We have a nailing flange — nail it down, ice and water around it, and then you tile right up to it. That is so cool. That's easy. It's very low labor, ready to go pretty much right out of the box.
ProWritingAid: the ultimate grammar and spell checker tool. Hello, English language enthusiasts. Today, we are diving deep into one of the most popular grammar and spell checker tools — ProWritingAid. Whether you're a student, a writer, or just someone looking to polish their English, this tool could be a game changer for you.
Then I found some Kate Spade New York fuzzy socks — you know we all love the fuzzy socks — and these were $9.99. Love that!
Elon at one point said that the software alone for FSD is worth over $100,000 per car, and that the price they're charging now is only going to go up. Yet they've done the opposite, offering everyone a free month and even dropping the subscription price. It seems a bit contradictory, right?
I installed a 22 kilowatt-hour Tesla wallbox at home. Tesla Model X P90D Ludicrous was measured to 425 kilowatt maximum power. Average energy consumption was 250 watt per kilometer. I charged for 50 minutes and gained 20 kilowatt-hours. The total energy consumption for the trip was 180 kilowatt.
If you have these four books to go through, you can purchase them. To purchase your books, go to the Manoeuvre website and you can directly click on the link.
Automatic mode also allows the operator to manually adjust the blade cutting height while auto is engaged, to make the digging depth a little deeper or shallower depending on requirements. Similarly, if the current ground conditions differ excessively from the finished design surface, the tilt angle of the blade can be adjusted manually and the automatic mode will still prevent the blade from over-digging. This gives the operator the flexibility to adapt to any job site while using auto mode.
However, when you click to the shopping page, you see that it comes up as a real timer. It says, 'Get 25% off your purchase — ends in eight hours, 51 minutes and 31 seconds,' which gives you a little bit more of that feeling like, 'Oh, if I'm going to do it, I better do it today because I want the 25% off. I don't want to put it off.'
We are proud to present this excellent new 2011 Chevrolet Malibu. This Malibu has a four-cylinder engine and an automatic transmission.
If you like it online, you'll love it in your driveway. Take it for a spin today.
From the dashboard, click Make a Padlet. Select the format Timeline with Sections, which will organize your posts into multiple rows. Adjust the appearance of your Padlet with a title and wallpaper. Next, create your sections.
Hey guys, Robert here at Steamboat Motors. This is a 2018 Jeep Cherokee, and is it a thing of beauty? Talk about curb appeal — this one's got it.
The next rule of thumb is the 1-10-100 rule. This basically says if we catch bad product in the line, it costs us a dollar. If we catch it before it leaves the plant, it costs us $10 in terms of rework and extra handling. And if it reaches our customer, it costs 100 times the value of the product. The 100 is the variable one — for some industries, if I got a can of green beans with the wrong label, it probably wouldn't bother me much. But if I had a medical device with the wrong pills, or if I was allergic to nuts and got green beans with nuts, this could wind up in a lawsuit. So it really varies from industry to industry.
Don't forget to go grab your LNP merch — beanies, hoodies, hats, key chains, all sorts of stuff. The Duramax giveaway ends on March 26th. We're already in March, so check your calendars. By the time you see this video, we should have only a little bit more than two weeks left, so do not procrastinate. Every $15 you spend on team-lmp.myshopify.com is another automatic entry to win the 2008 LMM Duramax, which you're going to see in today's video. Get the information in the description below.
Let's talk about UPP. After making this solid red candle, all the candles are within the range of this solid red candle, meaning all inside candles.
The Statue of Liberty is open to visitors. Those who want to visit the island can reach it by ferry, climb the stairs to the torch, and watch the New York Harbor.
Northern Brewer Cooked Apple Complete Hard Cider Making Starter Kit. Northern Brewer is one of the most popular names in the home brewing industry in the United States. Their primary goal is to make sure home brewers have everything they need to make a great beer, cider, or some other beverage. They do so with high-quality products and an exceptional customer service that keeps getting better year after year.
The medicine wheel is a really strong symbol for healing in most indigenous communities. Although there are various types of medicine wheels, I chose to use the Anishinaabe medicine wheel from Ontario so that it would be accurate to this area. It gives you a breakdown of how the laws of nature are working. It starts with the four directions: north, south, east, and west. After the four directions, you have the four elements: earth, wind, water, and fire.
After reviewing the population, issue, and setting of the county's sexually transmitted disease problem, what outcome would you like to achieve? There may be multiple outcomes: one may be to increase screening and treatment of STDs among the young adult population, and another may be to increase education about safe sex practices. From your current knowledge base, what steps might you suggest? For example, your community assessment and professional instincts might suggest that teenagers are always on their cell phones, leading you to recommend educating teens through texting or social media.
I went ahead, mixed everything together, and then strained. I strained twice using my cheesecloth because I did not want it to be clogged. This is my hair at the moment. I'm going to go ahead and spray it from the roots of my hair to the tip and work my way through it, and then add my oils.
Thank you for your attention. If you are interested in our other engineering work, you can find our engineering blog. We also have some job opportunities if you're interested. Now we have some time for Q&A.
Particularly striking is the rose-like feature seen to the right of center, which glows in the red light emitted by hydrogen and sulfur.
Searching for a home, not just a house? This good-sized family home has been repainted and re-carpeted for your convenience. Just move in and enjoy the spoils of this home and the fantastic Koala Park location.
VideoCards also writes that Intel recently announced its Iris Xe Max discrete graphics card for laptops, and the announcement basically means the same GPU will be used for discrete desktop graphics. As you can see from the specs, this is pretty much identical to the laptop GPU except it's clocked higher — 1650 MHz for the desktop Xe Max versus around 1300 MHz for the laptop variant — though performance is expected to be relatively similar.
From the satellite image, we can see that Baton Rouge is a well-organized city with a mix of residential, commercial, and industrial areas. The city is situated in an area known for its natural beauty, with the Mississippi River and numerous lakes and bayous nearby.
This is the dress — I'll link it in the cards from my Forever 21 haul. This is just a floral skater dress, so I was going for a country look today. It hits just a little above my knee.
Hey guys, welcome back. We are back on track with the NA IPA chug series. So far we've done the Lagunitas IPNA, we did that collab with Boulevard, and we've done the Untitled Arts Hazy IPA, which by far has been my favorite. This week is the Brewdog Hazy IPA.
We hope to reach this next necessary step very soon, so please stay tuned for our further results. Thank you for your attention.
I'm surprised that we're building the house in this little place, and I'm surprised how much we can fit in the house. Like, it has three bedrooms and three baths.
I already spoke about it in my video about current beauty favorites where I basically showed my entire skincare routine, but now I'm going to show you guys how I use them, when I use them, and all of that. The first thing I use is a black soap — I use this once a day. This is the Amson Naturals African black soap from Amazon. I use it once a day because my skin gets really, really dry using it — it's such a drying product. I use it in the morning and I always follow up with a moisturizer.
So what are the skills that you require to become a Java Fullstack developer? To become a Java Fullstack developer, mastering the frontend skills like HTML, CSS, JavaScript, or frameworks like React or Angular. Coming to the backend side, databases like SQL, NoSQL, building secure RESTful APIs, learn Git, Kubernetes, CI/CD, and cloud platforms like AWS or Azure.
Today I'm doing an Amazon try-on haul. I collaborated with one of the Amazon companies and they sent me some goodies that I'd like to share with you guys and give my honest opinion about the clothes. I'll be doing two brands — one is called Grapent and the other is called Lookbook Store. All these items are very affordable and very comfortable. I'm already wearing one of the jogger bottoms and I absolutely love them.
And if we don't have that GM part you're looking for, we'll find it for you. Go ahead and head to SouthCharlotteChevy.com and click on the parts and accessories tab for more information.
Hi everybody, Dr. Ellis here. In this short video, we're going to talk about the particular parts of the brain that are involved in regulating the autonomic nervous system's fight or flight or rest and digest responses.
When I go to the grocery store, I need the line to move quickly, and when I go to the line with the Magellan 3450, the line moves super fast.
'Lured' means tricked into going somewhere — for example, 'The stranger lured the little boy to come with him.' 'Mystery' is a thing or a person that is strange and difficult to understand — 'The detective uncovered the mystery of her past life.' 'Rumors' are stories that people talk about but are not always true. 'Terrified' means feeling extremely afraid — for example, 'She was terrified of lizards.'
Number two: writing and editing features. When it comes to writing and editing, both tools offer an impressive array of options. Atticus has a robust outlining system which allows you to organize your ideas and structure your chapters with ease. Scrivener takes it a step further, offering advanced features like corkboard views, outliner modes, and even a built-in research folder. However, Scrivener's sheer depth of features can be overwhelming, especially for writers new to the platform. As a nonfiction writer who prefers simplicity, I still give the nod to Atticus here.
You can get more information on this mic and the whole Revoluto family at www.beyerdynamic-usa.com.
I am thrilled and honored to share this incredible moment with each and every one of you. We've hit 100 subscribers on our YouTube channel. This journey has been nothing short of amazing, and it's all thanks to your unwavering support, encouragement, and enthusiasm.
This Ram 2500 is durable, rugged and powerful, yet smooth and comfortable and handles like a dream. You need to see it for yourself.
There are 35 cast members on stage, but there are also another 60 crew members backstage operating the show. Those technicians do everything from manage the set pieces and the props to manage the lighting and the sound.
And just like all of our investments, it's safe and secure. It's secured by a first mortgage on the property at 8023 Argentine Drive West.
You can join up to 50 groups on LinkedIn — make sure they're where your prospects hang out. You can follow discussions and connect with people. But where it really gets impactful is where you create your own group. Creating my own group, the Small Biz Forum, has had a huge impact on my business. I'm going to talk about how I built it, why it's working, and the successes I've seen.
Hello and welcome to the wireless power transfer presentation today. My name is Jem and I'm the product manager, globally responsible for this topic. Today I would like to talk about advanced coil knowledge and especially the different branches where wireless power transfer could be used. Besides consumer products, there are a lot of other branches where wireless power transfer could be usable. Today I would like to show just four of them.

▶ **About this task**
Your answer should hold only the lines from the one with "This Ram 2500" through the end of the listing above, both ends included, written out exactly.

▶ **Exercise output**
This Ram 2500 is durable, rugged and powerful, yet smooth and comfortable and handles like a dream. You need to see it for yourself.
There are 35 cast members on stage, but there are also another 60 crew members backstage operating the show. Those technicians do everything from manage the set pieces and the props to manage the lighting and the sound.
And just like all of our investments, it's safe and secure. It's secured by a first mortgage on the property at 8023 Argentine Drive West.
You can join up to 50 groups on LinkedIn — make sure they're where your prospects hang out. You can follow discussions and connect with people. But where it really gets impactful is where you create your own group. Creating my own group, the Small Biz Forum, has had a huge impact on my business. I'm going to talk about how I built it, why it's working, and the successes I've seen.
Hello and welcome to the wireless power transfer presentation today. My name is Jem and I'm the product manager, globally responsible for this topic. Today I would like to talk about advanced coil knowledge and especially the different branches where wireless power transfer could be used. Besides consumer products, there are a lot of other branches where wireless power transfer could be usable. Today I would like to show just four of them.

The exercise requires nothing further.